Intervening rows that are not specified will be skipped (e.g. 2 in
this example is skipped). Note that this parameter ignores commented
lines and empty lines if skip_blank_lines=True, so header=0 denotes
the first line of data rather than the first line of the file
You're defining the names in code, so you shouldn't include the header in the file. Either do one (write headers in csv data ) or the other (write column names in code). Don't do both.
EDIT: My answer remains the same, but here's one way you could have discovered this yourself:
With the following csv data (what you showed in the picture):
BULAN,rt,nigak,niagab,sosum,soskhus,p,tni,ik,ib,TARGET
13-Jan,84876,902,1192,2098,3623,169,39,133,1063,94095
13-Feb,79194,902,1050,2109,3606,153,39,133,806,87992
13-Mar,75836,902,1060,1905,3166,161,39,133,785,83987
13-Apr,75571,902,112,1878,3190,158,39,133,635,82618
13-May,83797,1156,134,1900,3518,218,39,133,709,91604
13-Jun,91648,1291,127,2220,3596,249,39,133,659,99967
13-Jul,79063,1346,107,1844,3428,247,39,133,951,86798
Running this code...
from pandas import read_csv
from numpy import set_printoptions
namaFile = 'dataset.csv'
nama = ['rt', 'niagak', 'niagab', 'sosum', 'soskhus', 'p', 'tni', 'ik', 'ib', 'TARGET']

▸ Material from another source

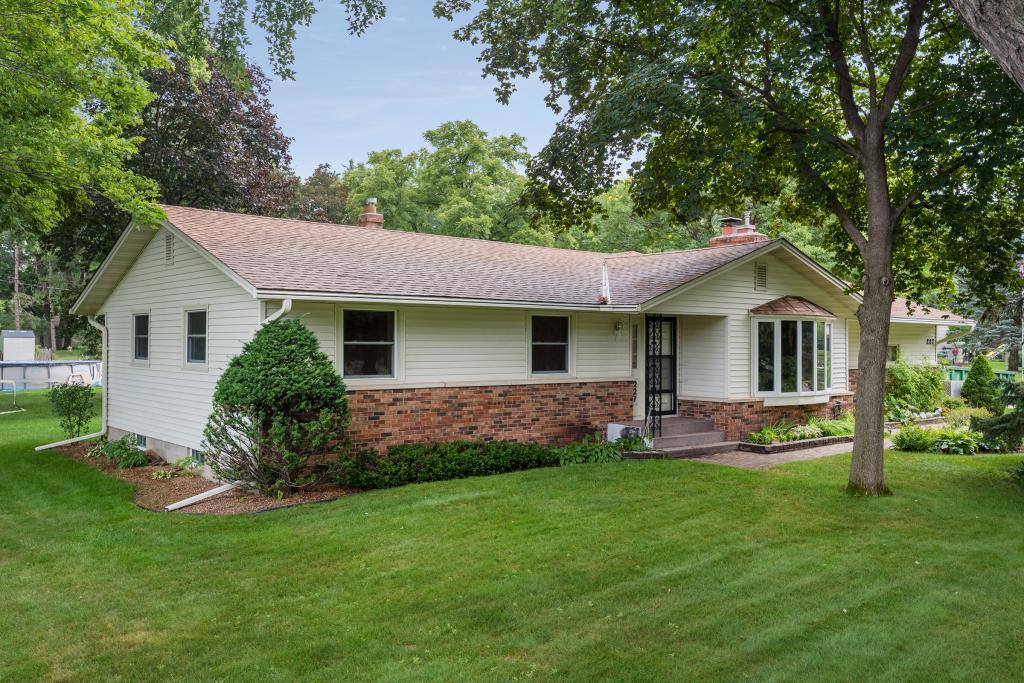 227 Snail Lake Road Shoreview, MN 55126 - Photo 2 of 29 Gallery Image 2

dataFrame = read_csv(namaFile, names=nama)
array = dataFrame.values
print("with names=nama...")
print(array)
dataFrame = read_csv(namaFile)
array = dataFrame.values
print("with no names...")
print(array)
dataFrame = read_csv(namaFile, names=nama, header=0)
array = dataFrame.values
print("with no names=nama and header=0...")
print(array)
You get this output:
with names=nama...
[['rt' 'nigak' 'niagab' 'sosum' 'soskhus' 'p' 'tni' 'ik' 'ib' 'TARGET']

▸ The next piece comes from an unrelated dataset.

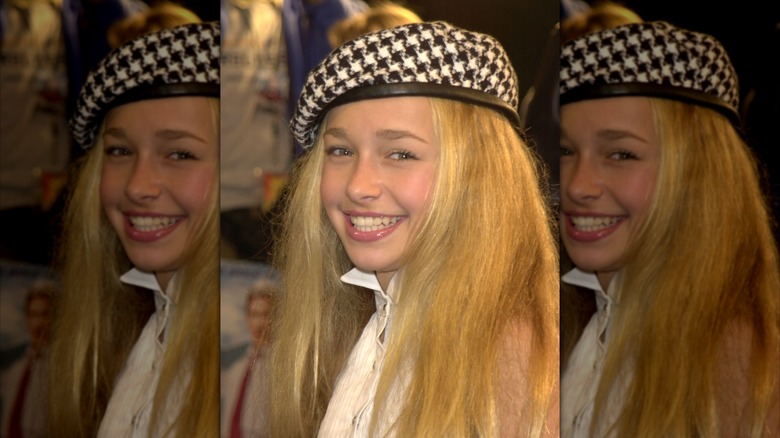 Hayden Panettiere on red carpet in 2001 straight hair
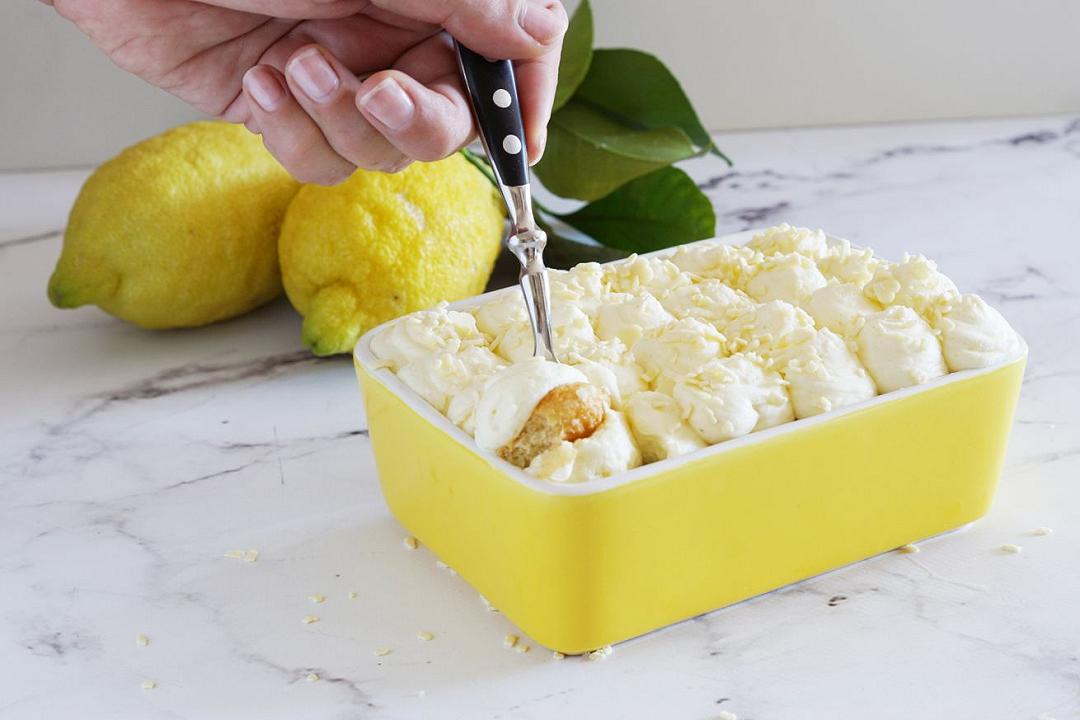 Tiramisù al limone e cioccolato bianco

['84876' '902' '1192' '2098' '3623' '169' '39' '133' '1063' '94095']
['79194' '902' '1050' '2109' '3606' '153' '39' '133' '806' '87992']
['75836' '902' '1060' '1905' '3166' '161' '39' '133' '785' '83987']
['75571' '902' '112' '1878' '3190' '158' '39' '133' '635' '82618']
['83797' '1156' '134' '1900' '3518' '218' '39' '133' '709' '91604']
['91648' '1291' '127' '2220' '3596' '249' '39' '133' '659' '99967']
['79063' '1346' '107' '1844' '3428' '247' '39' '133' '951' '86798']]
with no names...
[['13-Jan' 84876 902 1192 2098 3623 169 39 133 1063 94095]
['13-Feb' 79194 902 1050 2109 3606 153 39 133 806 87992]
['13-Mar' 75836 902 1060 1905 3166 161 39 133 785 83987]
['13-Apr' 75571 902 112 1878 3190 158 39 133 635 82618]
['13-May' 83797 1156 134 1900 3518 218 39 133 709 91604]
['13-Jun' 91648 1291 127 2220 3596 249 39 133 659 99967]
['13-Jul' 79063 1346 107 1844 3428 247 39 133 951 86798]]
with no names=nama and header=0...
[[84876 902 1192 2098 3623 169 39 133 1063 94095]
[79194 902 1050 2109 3606 153 39 133 806 87992]
[75836 902 1060 1905 3166 161 39 133 785 83987]
[75571 902 112 1878 3190 158 39 133 635 82618]
[83797 1156 134 1900 3518 218 39 133 709 91604]
[91648 1291 127 2220 3596 249 39 133 659 99967]
[79063 1346 107 1844 3428 247 39 133 951 86798]]
We can see clearly here that when you include the names on both, you get the headers listed in the first item, which is not what we want. When you remove the names=nama then you get all of the data from the file. When you explicitly over-write the names with names=nama header=0, you also can achieve this desired result. HOWEVER I would also like to note that your headers in your code are missing the BULAN column so be careful with that.
print() is your friend. Use it. It will tell you what your problems are.
read_csvis attempting to read the parse the data from the first row, which is used for headings in the data you have. The documentation for this function gives details on how to specify header row(s) pandas.pydata.org/pandas-docs/stable/reference/api/…header: ... if no names are passed the behavior is identical to header=0 and column names are inferred from the first line of the file... you're defining the names in code, so you shouldn't include the header in the file. Either do one (write headers in csv data ) or the other (write column names in code). Don't do both.